6.16.2006

Miss Snark Hits a Triple

Dear Miss Snark,


1. What do you think of the use of the word "literary" to describe a novel--for example, in a query letter? The idea of using it, I suppose, would be to distinguish it from "genre" fiction. Drawbacks would be that it can sound pretentious and perhaps suggests a nonprofit quality. Would it be better to simply present the description and let the reader decide for her/himself?

Literary agents do not find use of the word literary to describe things to be ipso facto pretentious or a suggestion of unprofitablity.


2. How is "yanno" pronounced? Does it rhyme with "guano"?

Ha. No. ya know=yanno. Guano indeed.


3. When an agent sells a book, does she or can she negotiate a publicity budget or any terms relating to publicity?

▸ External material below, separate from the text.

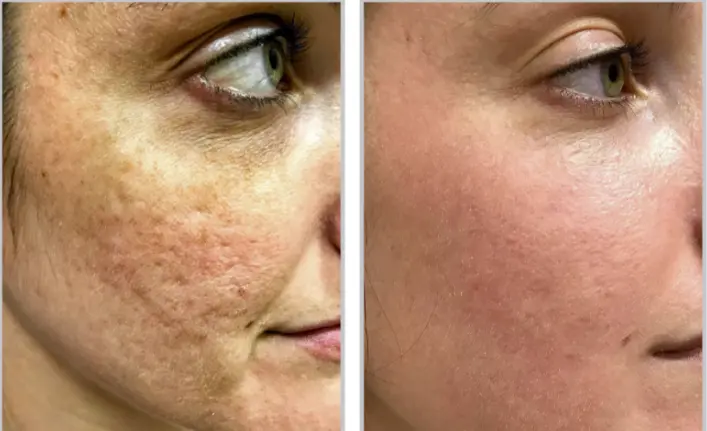 Before and after result 7 for Sciton Halo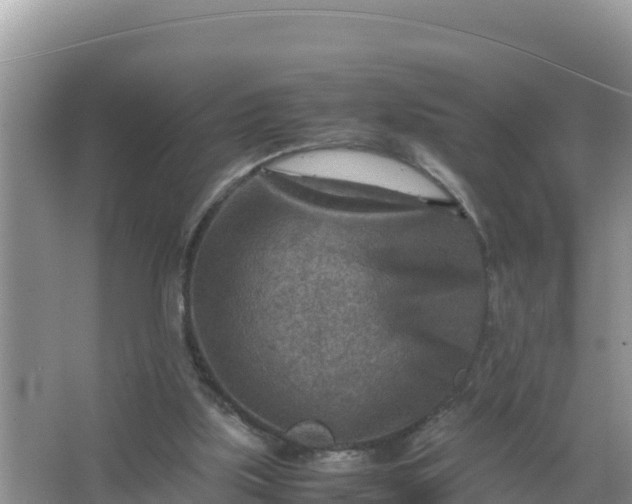 X0000066960059200604072015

Only if you are quite famous, or a lot of publishers want you, or you're one of the big authors at the house.

11 comments:

Anonymous said...

I had an agent once describe "literary fiction" as "won't sell worth a damn unles the author is the President, the Pope or the hottest rock star on the planet and even then you have to get is to the stores before the hotness of the author wears off."

Sherry Decker said...

This made me wonder, if my book is sold to a major publisher, whom would I (attempt) to contact regarding promotion. What is that person's title? Is there anything I can do to help promote my book? Are publishers interested in my ideas for promotion or would they prefer I butt out?

Linda Adams said...

I always wondered what "Yanno" was! :)

bonniers said...

Literary fiction is its own genre, and its readers have specific expectations of writing quality, imagery, pacing, etc., the same as do readers of any other genre.

As an avid reader and writer of the stuff, I gotta say -- the definition in anonymous's post don't even come close.

Anonymous said...

I find it funny that everyone always talks about how readers and writers of literary fiction look down on genre writers and readers. Yet it seems to me that there is a lot more slamming of said literary fiction by genre readers and writers going on than the opposite....

Plenty of literary fiction sells.

c. parsons said...

I will probably get the nitwit of the day award, but I have to ask: what is difference between labeling your work literary, mainstream or contemporary? I’ve written a manuscript that’s not genre, so I assume it’s got to be one of those three. I further assume that if I choose to call it literary, I’m saying that it’s character-driven, not plot driven. But then I get the heebie-jeebies because I’m afraid “literary” sounds as though I’m comparing myself to William Faulkner. Dear Miss Snark, could you please differentiate between these three and while we’re at it, as an extra bonus, what the heck is HI-LO? In the Writer’s Market I notice many agents say they’re looking for it—I’m pretty sure I’m not writing it, but I’d like to know.
Thank you -- I love your blog!

The Rentable Writer said...

At first, I thought "Yanno" referred to that violin player (or did he play the cello?) and then I realized: DOI! It's ya know! I say and hear that a thousand times a day. How didn't I recognize it ...

HawkOwl said...

I think "literary" simply means that there is a deliberate attempt at style. For example, The Crimson Petal and the White definitely tries for style. Why else would one refer to a cat as "his saucer-eyed familiar?"

"Contemporary" sounds more like something that follows the most current trends in art and style. I can't think of any "contemporary" fiction but a painter like Kandinski would have been "contemporary" in his day, as in he was doing something very modern.

"Mainstream" is just what's nothing else. It's not a genre, it's not literary, it's not contemporary. It's just a novel about everyone's day-to-day reality, written in an unobtrusive style, that doesn't make an artistic statement.

At least that's how I see it.

c. parsons said...

Thank you, HawkOwl. Now you wouldn't happen to know what Hi-Lo is, would you?
C.Parsons

Nobody said...

C.Parsons, Hi/Lo refers to high interest level, low reading level. It's essentially a book with "older" content written in an easier to read format, meant to draw reluctant middle-grade and teen readers.

c. parsons said...

Bless you, Nobody! (I was right, I'm not writing it. Well. I think I'm not writing it.)